Whenever we look at a beautiful piece of art, the words ‘a picture is worth a thousand words’ comes to mind. But the sad part is that an artist receives very little or almost no encouragement from our society for their painstaking efforts. People only have a vague idea of what a graphic designer does and generally have no appreciation for the artist. You can ask anyone and most dismiss it with a quick ‘something to do with computers’. Northeast graphic designer/artist Manjit Rajkhowa talks to ENe about his journey in this field, experiences and much more.
Why did you choose to be a graphic designer/artist? Are there any challenges that you faced?
I used to play with colours everyday when I was a kid. But when I entered this field, I did not have any diploma or certificate to boast of. Later on, to gain more knowledge, I did courses on visual art, graphic design, photography and film editing, which helped me to hone my skills. I did not face any challenges as such mainly because this is something that I love doing. And I also got a lot of support and encouragement from my family and friends.
You have done art direction for stage dramas, for a TV serial and you have also done cover art for more than two thousand books in different languages. How do you manage to juggle so many things together?
When you are passionate and interested about something, it is not so difficult to do so. The medium I think is not important, only the quality of your output matters.
The concept of LORALI was your brainchild. How was the whole experience?
It was a very different kind of project and proved to be an excellent experience for me. In the year 2010, I was invited to Golaghat Charukola Bidyalaya for an art workshop as a resource person.

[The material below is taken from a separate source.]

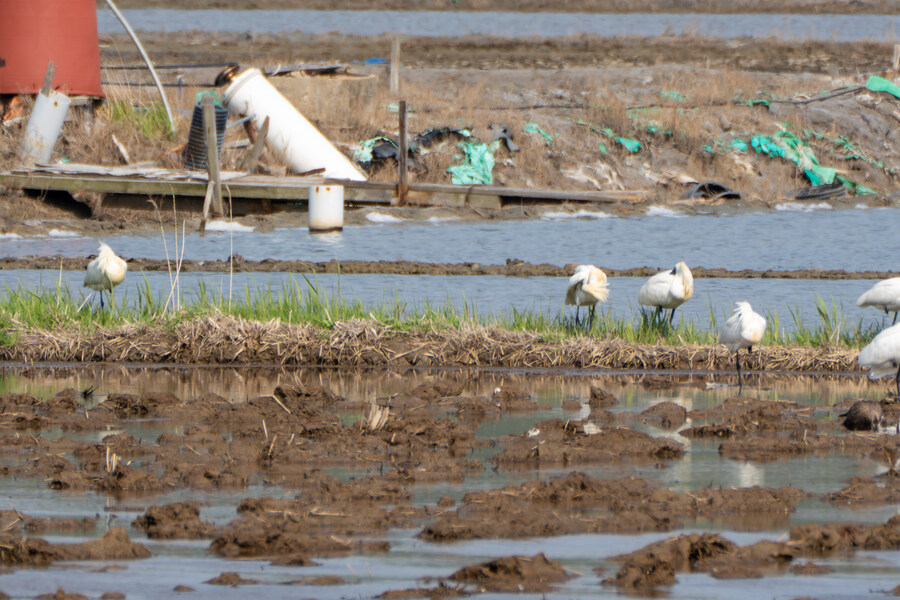 4월, 신도 및 시도 탐조_84.jpg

It was there that an interesting idea came to my mind. That was LORALI (childhood). It was a project that involved children, and the (painting) project was based on village life/folk culture. The exhibitions LORALIR GARI (2011) and LORALIR DHEMALI (2013) are the by-products of the whole concept. LORALIR ANKBANK (2014) is another unique concept where I collected 100 drawings from 12 child artists. These drawings are the scribbles of their unconscious mind done without any education or guidance. The age of the child artist is 2-3 years only. These art works were exhibited at the State Art Gallery.
Any suggestions to people who want to follow a similar path?
I don’t have any suggestion as such because I still consider myself to be learner. I can only say that observation, passion and dedication are a good mantra for anyone who wants to follow a similar path.